Intermediate

Generative Models: VAEs and GANs

Lesson 2 of 4 Estimated Time 55 min

Generative Models: VAEs and GANs

Generative models learn the underlying distribution of data and can synthesize new samples. Variational Autoencoders (VAEs) and Generative Adversarial Networks (GANs) represent two fundamentally different approaches to generative modeling, each with distinct advantages for different applications. This lesson explores their theoretical foundations, training dynamics, and practical implementations.

Core Concepts

Variational Autoencoders (VAEs)

VAEs combine probabilistic modeling with deep learning by learning a latent variable model. Unlike standard autoencoders, VAEs enforce a distribution on the latent space using the variational inference principle.

The VAE Framework:

  • Encoder: Maps input x to a distribution over latent variables z
  • Latent Space: A continuous, probabilistic representation
  • Decoder: Reconstructs x from samples of z
  • KL Divergence: Regularizes the latent distribution toward a standard normal

The VAE loss function combines two objectives:

L_VAE = E[log p(x|z)] - D_KL(q(z|x) || p(z))

Where:

  • First term: reconstruction loss (likelihood)
  • Second term: KL divergence penalty encouraging latent distribution to match prior

Reparameterization Trick: To backpropagate through sampling, we reparameterize:

z = μ + σ ⊙ ε,  where ε ~ N(0, I)

This allows gradients to flow through the sampling operation.

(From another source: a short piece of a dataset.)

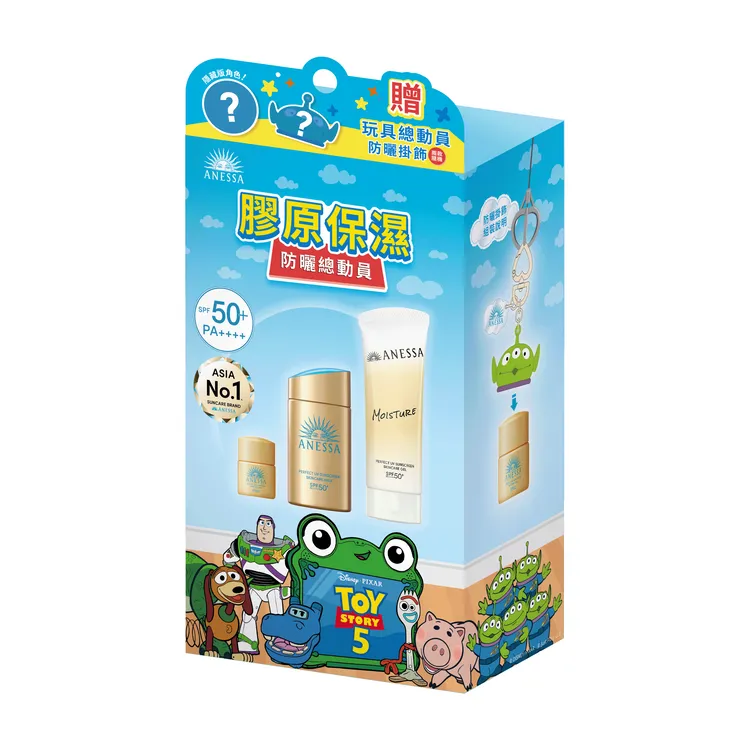 安耐曬膠原保濕防曬總動員，內有60ml金鑽高效防曬露5X、90g膠原保濕防曬水凝乳、12ml金鑽高效防曬露5X、玩具總動員角色掛飾 (叉奇 or 三眼怪隨機)，1800元。品牌提供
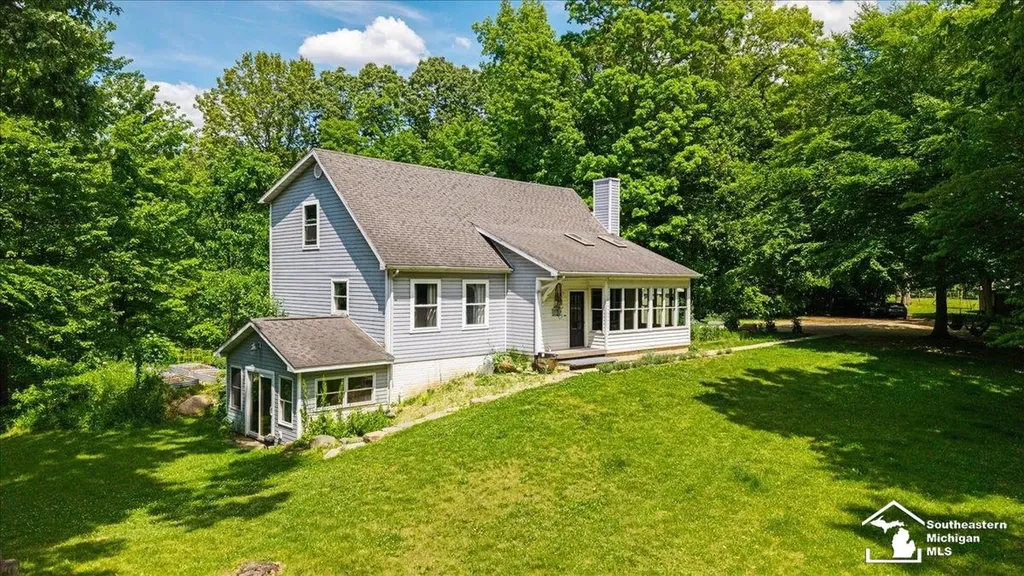 14297 Hickory Hill Drive Woodstock Township MI 49253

Generative Adversarial Networks (GANs)

GANs employ a game-theoretic approach where two networks compete:

  • Generator (G): Creates fake samples from noise
  • Discriminator (D): Distinguishes real from fake samples

The minimax objective:

min_G max_D V(D,G) = E_x[log D(x)] + E_z[log(1 - D(G(z)))]

Training Dynamics:

  • Discriminator maximizes ability to classify real vs. fake
  • Generator minimizes discriminator’s ability to distinguish
  • Converges to equilibrium where generator produces authentic samples

Challenges in GAN Training:

  • Mode collapse: Generator converges to producing limited diversity
  • Vanishing gradients: Discriminator becomes too strong
  • Training instability: Loss can oscillate wildly
  • Architecture sensitivity: Small changes drastically affect convergence

Comparing VAEs and GANs

AspectVAEGAN
Loss TypeProbabilistic (ELBO)Adversarial
Latent SpaceContinuous, smoothDiscontinuous
Sample QualityGood, sometimes blurryHighly realistic
Training StabilityMore stableUnstable
Likelihood TractabilityTractable lower boundIntractable
Mode CoverageBetter coverageProne to collapse

Practical Implementation

VAE Implementation in PyTorch

import torch
import torch.nn as nn
import torch.nn.functional as F
from torch.utils.data import DataLoader
from torchvision import datasets, transforms

class VAEEncoder(nn.Module):
    def __init__(self, input_dim=784, hidden_dim=400, latent_dim=20):
        super().__init__()
        self.fc1 = nn.Linear(input_dim, hidden_dim)
        self.fc_mu = nn.Linear(hidden_dim, latent_dim)
        self.fc_logvar = nn.Linear(hidden_dim, latent_dim)

    def forward(self, x):
        h = F.relu(self.fc1(x.view(x.size(0), -1)))
        mu = self.fc_mu(h)
        logvar = self.fc_logvar(h)
        return mu, logvar

class VAEDecoder(nn.Module):
    def __init__(self, latent_dim=20, hidden_dim=400, output_dim=784):
        super().__init__()
        self.fc1 = nn.Linear(latent_dim, hidden_dim)
        self.fc2 = nn.Linear(hidden_dim, output_dim)

    def forward(self, z):
        h = F.relu(self.fc1(z))
        return torch.sigmoid(self.fc2(h))

class VAE(nn.Module):
    def __init__(self, input_dim=784, hidden_dim=400, latent_dim=20):
        super().__init__()
        self.encoder = VAEEncoder(input_dim, hidden_dim, latent_dim)
        self.decoder = VAEDecoder(latent_dim, hidden_dim, input_dim)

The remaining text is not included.